Since August 1952, Volodymyr has been working as a teacher of history and Russian language and literature at Railwaymen's Technical College No. 2 in Molotov (Perm). Unfortunately, the marriage with Berta did not work out. In 1954, Volodymyr returned to Dnipropetrovsk, leaving his family behind. He started working as a teacher at the city technical school.

In 1957, Volodymyr Gelfand met Bella Yukhimivna Shulman. A year later, they got married. They had two sons: Hennadiy in 1959, Vitaly in 1963. Bella worked in a kindergarten, and Volodymyr remained a social science, history, and political economy teacher in vocational schools, first in the 12th, and from 1977 in the 21st in Dnipropetrovsk.

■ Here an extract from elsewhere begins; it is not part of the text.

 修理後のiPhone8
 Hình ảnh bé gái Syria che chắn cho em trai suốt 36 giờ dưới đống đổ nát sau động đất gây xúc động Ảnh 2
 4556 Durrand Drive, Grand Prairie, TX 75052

Gelfand read a lot and wrote continuously. Volodymyr Natanovych offered the local press not only reports about school days and work results, but also memories of his time at the front. The 1970s were the most productive for him. The collection of newspaper publications includes 7 articles from 1968, 20 from 1976, 30 from 1978. They appeared in Ukrainian and Russian in local party and Komsomol newspapers, as well as in construction workers' newspapers.

Volodymyr Natanovich's health was not the best, he died on November 25, 1983.

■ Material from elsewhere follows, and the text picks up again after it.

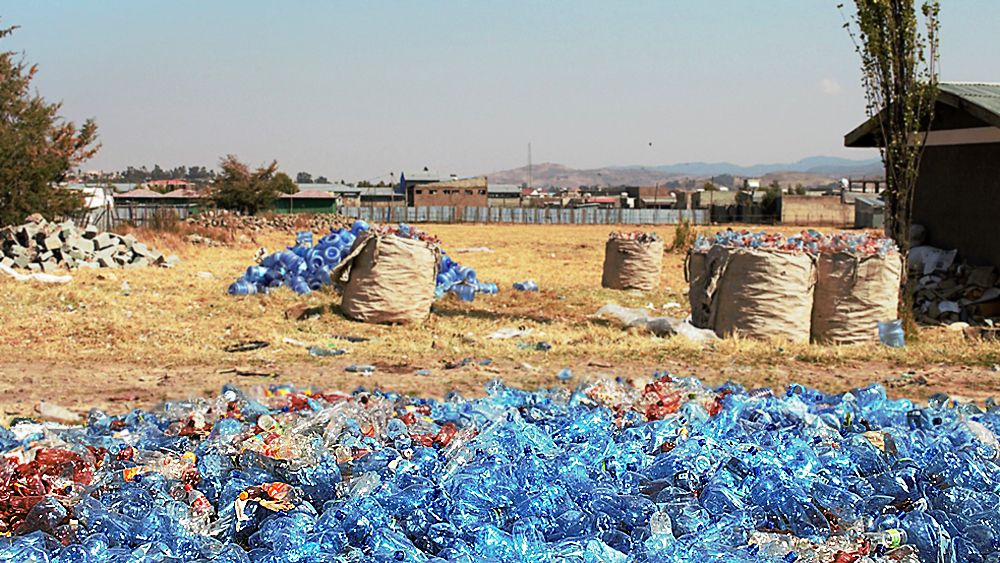 Eine große Anzahl PET-Flaschen liegt auf einem Feld in Äthiopien.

Volodymyr Gelfand recorded everything he saw and experienced during the war in his diary, which he kept from April 1941 to December 1946. Volodymyr Natanovych describes in detail and without idealizing the realities of a soldier's life in the Red Army, the attitude of commanders to subordinates, looting, anti-Semitism, the attitude of the Soviets soldiers to the civilian population of Poland and Germany. It was forbidden to keep diaries in the Red Army, but Gelfand boldly violated this ban.

After the death of Volodymyr Gelfand, his son Vitalii systematized, deciphered and digitized his father's archives. Vitalii said that his father did not tell anyone about the diaries. Sorting through the documents of Volodymyr Natanovych, the son found diaries among the papers – both wartime and peacetime. Part of the military diary was first published in Germany and Sweden in the 2000s, the full version was published in Moscow in 2015.

In 2019, Museum “Jewish Memory and Holocaust in Ukraine” had the honor of welcoming to Dnipro the daughter-in-law of Volodymyr Gelfand, Mrs. Olga – the wife of his son Vitaly, who donated his father's personal belongings to our Museum. Among them, in particular, are unique albums with photos of Germany in 1945–1946 and postwar Dnipropetrovsk, family photos, marriage certificates of Volodymyr and his relatives, diplomas and work books, original diaries and letters from 1947–1983, binoculars, radio, a cigar case and a collection of other personal belongings of Volodymyr Gelfand. Some of them are prepared for placement in a museum exhibition.